WHAT NEEDS TO BE DONE -
Beginning with the line that contains "Hf Soft Hooded Anorak Jacket Denim / Khaki" in the material below, print each line exactly until the line that contains "EMPORIO ARMANI EA2156" has been printed, then stop.

INFORMATION SUPPLIED -
#####
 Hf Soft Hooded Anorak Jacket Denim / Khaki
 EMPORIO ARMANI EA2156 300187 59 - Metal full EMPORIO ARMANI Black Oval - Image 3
#####
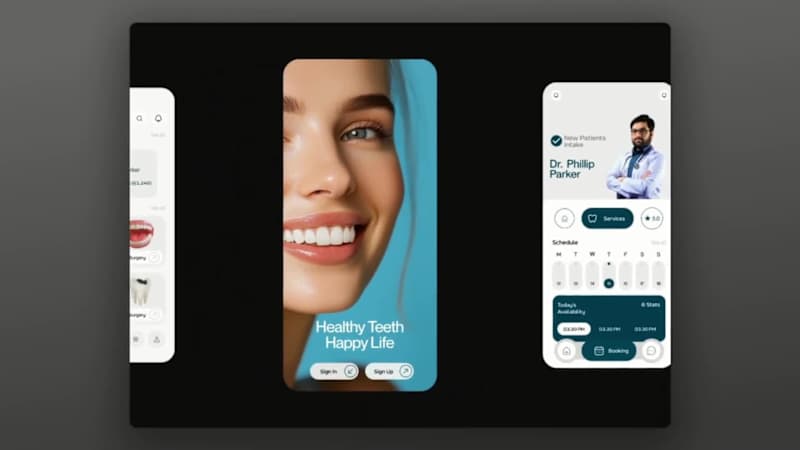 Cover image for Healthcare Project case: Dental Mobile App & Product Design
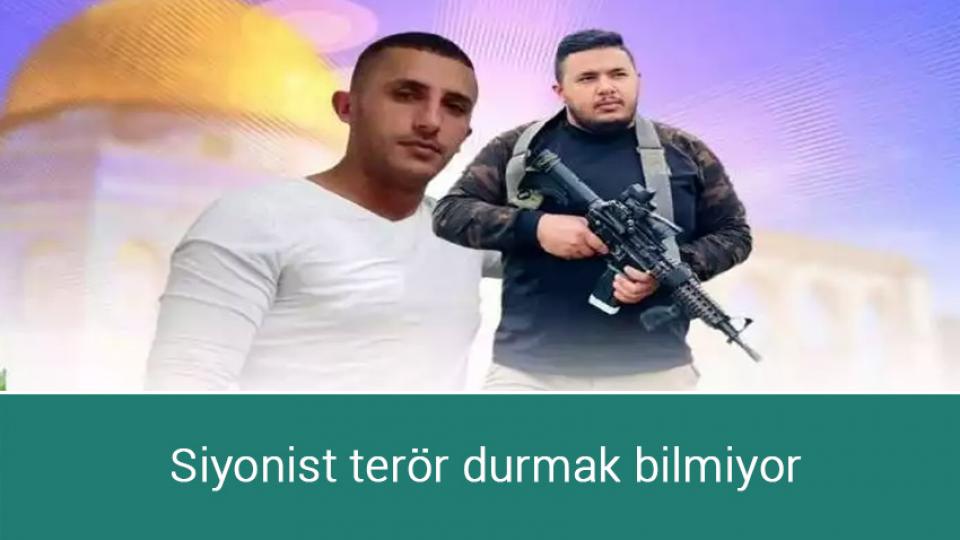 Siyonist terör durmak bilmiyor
#####
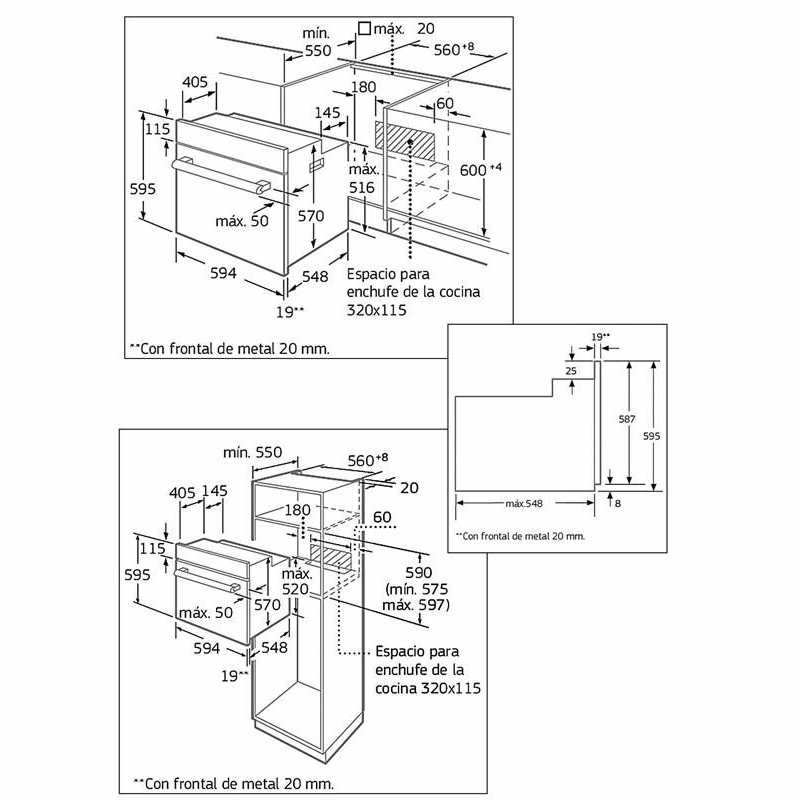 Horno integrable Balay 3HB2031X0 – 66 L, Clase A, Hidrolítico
#####
SOLVED PROBLEM -
 Hf Soft Hooded Anorak Jacket Denim / Khaki
 EMPORIO ARMANI EA2156 300187 59 - Metal full EMPORIO ARMANI Black Oval - Image 3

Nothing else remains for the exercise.